Your goal: Copy out precisely the line that holds "Atrium musicae musique" and all the lines following it in the data, up to and including the last one, and no others.

*** Records for this exercise Section Begins ***

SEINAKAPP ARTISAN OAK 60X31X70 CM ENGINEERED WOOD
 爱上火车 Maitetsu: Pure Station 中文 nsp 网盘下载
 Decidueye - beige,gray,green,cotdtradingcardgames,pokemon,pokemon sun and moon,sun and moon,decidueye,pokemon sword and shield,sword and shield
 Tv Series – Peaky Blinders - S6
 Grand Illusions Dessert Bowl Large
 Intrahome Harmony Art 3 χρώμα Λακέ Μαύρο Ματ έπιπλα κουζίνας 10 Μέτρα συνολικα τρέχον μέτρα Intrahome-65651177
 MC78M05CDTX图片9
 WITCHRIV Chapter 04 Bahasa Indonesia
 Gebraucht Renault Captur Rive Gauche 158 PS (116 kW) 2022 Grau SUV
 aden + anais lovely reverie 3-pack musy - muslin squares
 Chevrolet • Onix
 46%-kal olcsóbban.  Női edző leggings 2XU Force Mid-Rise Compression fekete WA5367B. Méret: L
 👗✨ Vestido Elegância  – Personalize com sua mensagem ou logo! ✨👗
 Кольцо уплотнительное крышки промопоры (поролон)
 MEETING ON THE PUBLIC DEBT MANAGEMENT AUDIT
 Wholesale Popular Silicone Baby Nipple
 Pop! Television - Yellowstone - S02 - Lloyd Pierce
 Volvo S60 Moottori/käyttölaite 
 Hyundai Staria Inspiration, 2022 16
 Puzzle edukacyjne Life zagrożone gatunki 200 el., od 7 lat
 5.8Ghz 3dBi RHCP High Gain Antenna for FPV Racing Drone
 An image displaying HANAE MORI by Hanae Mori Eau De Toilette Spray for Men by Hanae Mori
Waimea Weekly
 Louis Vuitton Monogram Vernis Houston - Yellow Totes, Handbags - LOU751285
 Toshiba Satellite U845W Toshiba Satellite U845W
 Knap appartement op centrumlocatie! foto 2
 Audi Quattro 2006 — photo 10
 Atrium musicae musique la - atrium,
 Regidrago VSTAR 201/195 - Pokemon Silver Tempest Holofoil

*** Records for this exercise Section Ends ***

Exercise response:
 Atrium musicae musique la - atrium,
 Regidrago VSTAR 201/195 - Pokemon Silver Tempest Holofoil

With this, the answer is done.